Optimizers, Data Partitioning, Finding Good Parameters

07.2:

  • Changes indexing used to create final fold.
In [1]:
import numpy as np
import matplotlib.pyplot as plt

We have discussed how we can create a vector of weight values and views onto parts of the vector to define the weight matrices for each layer of a neural network. Here is a function that will do that, given a list of shapes of the matrices of weights for each layer.

In [2]:
def make_weights_and_views(shapes):
    # vector of all weights built by horizontally stacking flatenned matrices
    # for each layer initialized with uniformly-distributed values.
    all_weights = np.hstack([np.random.uniform(size=shape).flat / np.sqrt(shape[0])
                             for shape in shapes])
    # Build list of views by reshaping corresponding elements from vector of all weights
    # into correct shape for each layer.
    views = []
    start = 0
    for shape in shapes:
        size =shape[0] * shape[1]
        views.append(all_weights[start:start + size].reshape(shape))
        start += size
    return all_weights, views

What would the shapes of the weight matrices be of a neural network with 2 inputs, 2 hidden layers with 20 and 10 units, respectively, and 1 output?

In [ ]:
 
In [ ]:
 
In [ ]:
 

Now let's make some data with 2 inputs per sample and 1 target output. We can have fun with this by making target values as the height of several hills over the 2-dimensional base plane of input values.

In [3]:
centers = np.array([[2,2], [5,4], [8,2], [9,8], [3,7]])
heights = np.array([5, 4, 5, 7, 4])
In [4]:
def calc_heights(X, center):
    diffv = X - center
    return np.exp(- np.sum(diffv * diffv, axis=1)).reshape(-1, 1)
In [5]:
X_1 = np.linspace(0,10, 20)
X_2 = np.linspace(0,10, 20)
X_1_mesh, X_2_mesh = np.meshgrid(X_1, X_2)
print(X_1_mesh.shape, X_2_mesh.shape)
X = np.hstack((X_1_mesh.reshape((-1, 1)), X_2_mesh.reshape((-1, 1))))
print(X.shape)
(20, 20) (20, 20)
(400, 2)
In [6]:
h = calc_heights(X, centers[0])
h.shape
Out[6]:
(400, 1)
In [10]:
from mpl_toolkits.mplot3d import Axes3D
from matplotlib import cm
from matplotlib.ticker import LinearLocator, FormatStrFormatter

fig = plt.figure(figsize=(10, 8))
ax = fig.add_subplot(111, projection='3d')

n = 40
X_1 = np.linspace(0, 10, n)
X_2 = np.linspace(0, 10, n)
X_1_mesh, X_2_mesh = np.meshgrid(X_1, X_2)
X = np.hstack((X_1_mesh.reshape((-1, 1)), X_2_mesh.reshape((-1, 1))))
Z = np.zeros((X.shape[0], 1))
for hilli in range(len(heights)):
    Z += calc_heights(X, centers[hilli]) * heights[hilli]
Z_mesh = Z.reshape(n, n)

surf = ax.plot_surface(X_1_mesh, X_2_mesh, Z_mesh, rstride=1, cstride=1, color='red', linewidth=0);

Or, how about some more realistic lighting? See these examples of using LightSource.

In [11]:
from matplotlib.colors import LightSource
# LightSource?
In [12]:
fig = plt.figure(figsize=(10, 8))
ax = fig.add_subplot(111, projection='3d')

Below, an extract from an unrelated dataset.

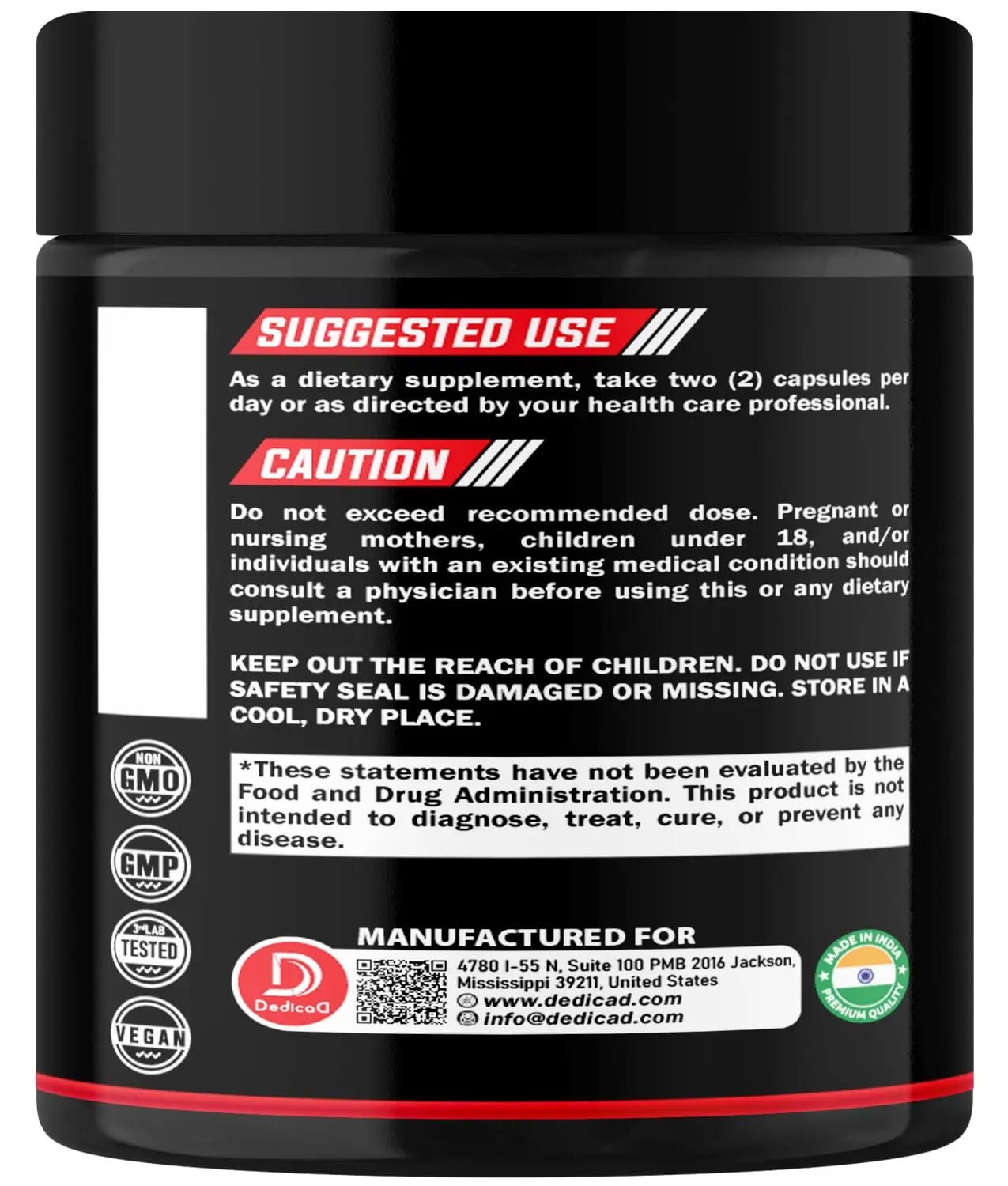 DEDICAD Wormwood Capsules Supplement - Extracted from Black Walnut, Cloves, Turmeric, Apple, Berberine HCl & More - 11 Ingredients Combined for Immune System, Body Management - 60 Capsules - TrustMedUSA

white = np.ones((Z_mesh.shape[0], Z_mesh.shape[1], 3))
red = white * np.array([1, 0, 0])
green = white * np.array([0, 1, 0])
blue = white * np.array([0, 0, 1])

ls = LightSource(azdeg=-20, altdeg=70)

rgb = ls.shade_rgb(red, Z_mesh, vert_exag=0.1) #, blend_mode='soft')

surf = ax.plot_surface(X_1_mesh, X_2_mesh, Z_mesh, rstride=1, cstride=1, facecolors=rgb,
                       linewidth=0, antialiased=False, shade=True)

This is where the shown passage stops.